1.8m四方の狭くて真っ暗なトンネルに、粗末な患者用の二段ベッドがあるだけの施設。医療物資も乏しく、著しく不衛生な環境下で、次々に運び込まれる傷病兵の世話をさせられたのが、戦後「ひめゆり学徒隊」と呼ばれる、女生徒たちでした。
壕の中は空気も薄く、暑さや悪臭もすさまじかったようです。外は銃弾が飛び交う戦場そのもので、極めて危険な状態。そのなかで、生徒たちは、仮眠もとれないほど働かされたそうです。

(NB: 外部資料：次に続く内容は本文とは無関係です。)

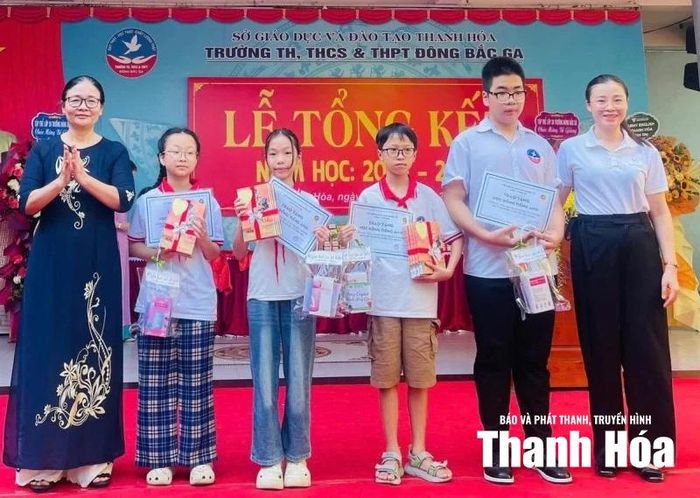 Cô giáo Lê Thị Bích trao học bổng tiếng Anh cho các em học sinh Trường Tiểu học, THCS& THPT Đông Bắc Ga.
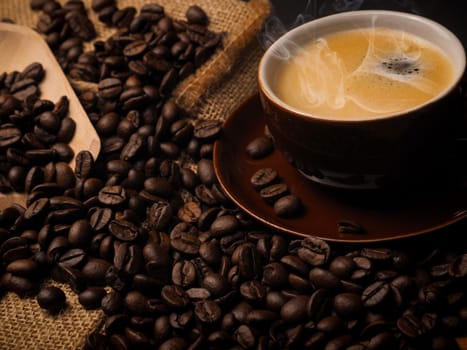 Cup of espresso with espresso beans close up shot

現在、その壕の一つが修復・整備され、ガイドの案内で入ることができます。
文字通り山を掘った長い横穴で、ここを「病院」ということ自体信じがたい空間です。【写真】のように懐中電灯がないと何も見えません。
今はベッドがありませんが、当時は、患者であふれかえる中、ベッドの脇をすり抜けるように移動していたと想像すると、天井の低さもあり、狭さや閉塞感は、今感じる以上だったことでしょう。

戦況のさらなる悪化で、陸軍病院はその病院壕も捨て、南へ撤退。今度は、「ガマ」という自然の洞窟を「病院」としますが、最後は、病院が「解散」、生徒たちは突然戦場に放り出されることになります。多くの生徒は、この「解散命令」後に命を落としたそうです。

敗色濃厚の中、「本土」への攻撃を遅らせる「時間稼ぎ」として利用され、多数の民間人が戦闘に巻き込まれた沖縄。
その歴史的事実の一端を、恥ずかしながら、この年齢にしてやっと、「肌感覚」として理解できた気がしました。

来年で戦後75年。
いつまでも「戦後」であり続けるように、戦争をもっと知っていかなければいけないとの思いを強くした2019年でした。

ちなみに、「病院壕跡」の脇には「憲法九条の碑」というのがあり、その意味は実に重いと感じました。

明日は、飯田アナウンサーです。